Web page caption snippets
+ + +
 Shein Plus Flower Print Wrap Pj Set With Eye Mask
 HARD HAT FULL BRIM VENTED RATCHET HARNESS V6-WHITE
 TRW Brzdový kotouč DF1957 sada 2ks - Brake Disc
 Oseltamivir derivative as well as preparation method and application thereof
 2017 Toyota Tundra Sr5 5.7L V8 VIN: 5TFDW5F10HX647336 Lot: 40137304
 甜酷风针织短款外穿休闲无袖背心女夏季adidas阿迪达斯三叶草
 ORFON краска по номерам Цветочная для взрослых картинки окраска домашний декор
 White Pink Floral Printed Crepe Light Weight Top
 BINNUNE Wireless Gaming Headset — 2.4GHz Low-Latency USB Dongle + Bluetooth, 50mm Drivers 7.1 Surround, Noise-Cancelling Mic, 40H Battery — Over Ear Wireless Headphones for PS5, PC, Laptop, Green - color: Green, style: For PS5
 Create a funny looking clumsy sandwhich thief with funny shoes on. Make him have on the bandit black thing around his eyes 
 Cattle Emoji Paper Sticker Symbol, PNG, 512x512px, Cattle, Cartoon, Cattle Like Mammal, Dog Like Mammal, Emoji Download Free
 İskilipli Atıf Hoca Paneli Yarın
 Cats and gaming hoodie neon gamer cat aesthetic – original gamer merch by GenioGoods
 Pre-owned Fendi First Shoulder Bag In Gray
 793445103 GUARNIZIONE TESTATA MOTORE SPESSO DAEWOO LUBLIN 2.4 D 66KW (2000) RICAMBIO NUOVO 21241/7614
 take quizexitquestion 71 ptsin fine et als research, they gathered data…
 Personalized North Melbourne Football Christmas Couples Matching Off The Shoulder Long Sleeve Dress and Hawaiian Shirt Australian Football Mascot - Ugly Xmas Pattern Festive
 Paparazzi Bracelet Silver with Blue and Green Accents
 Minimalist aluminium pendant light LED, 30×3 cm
+ + +
TASK TO CARRY OUT — What you copy out must be exactly the lines from the line containing "Pre-owned Fendi First Shoulder Bag In Gray" through the end of the records.

YOUR RESPONSE —
 Pre-owned Fendi First Shoulder Bag In Gray
 793445103 GUARNIZIONE TESTATA MOTORE SPESSO DAEWOO LUBLIN 2.4 D 66KW (2000) RICAMBIO NUOVO 21241/7614
 take quizexitquestion 71 ptsin fine et als research, they gathered data…
 Personalized North Melbourne Football Christmas Couples Matching Off The Shoulder Long Sleeve Dress and Hawaiian Shirt Australian Football Mascot - Ugly Xmas Pattern Festive
 Paparazzi Bracelet Silver with Blue and Green Accents
 Minimalist aluminium pendant light LED, 30×3 cm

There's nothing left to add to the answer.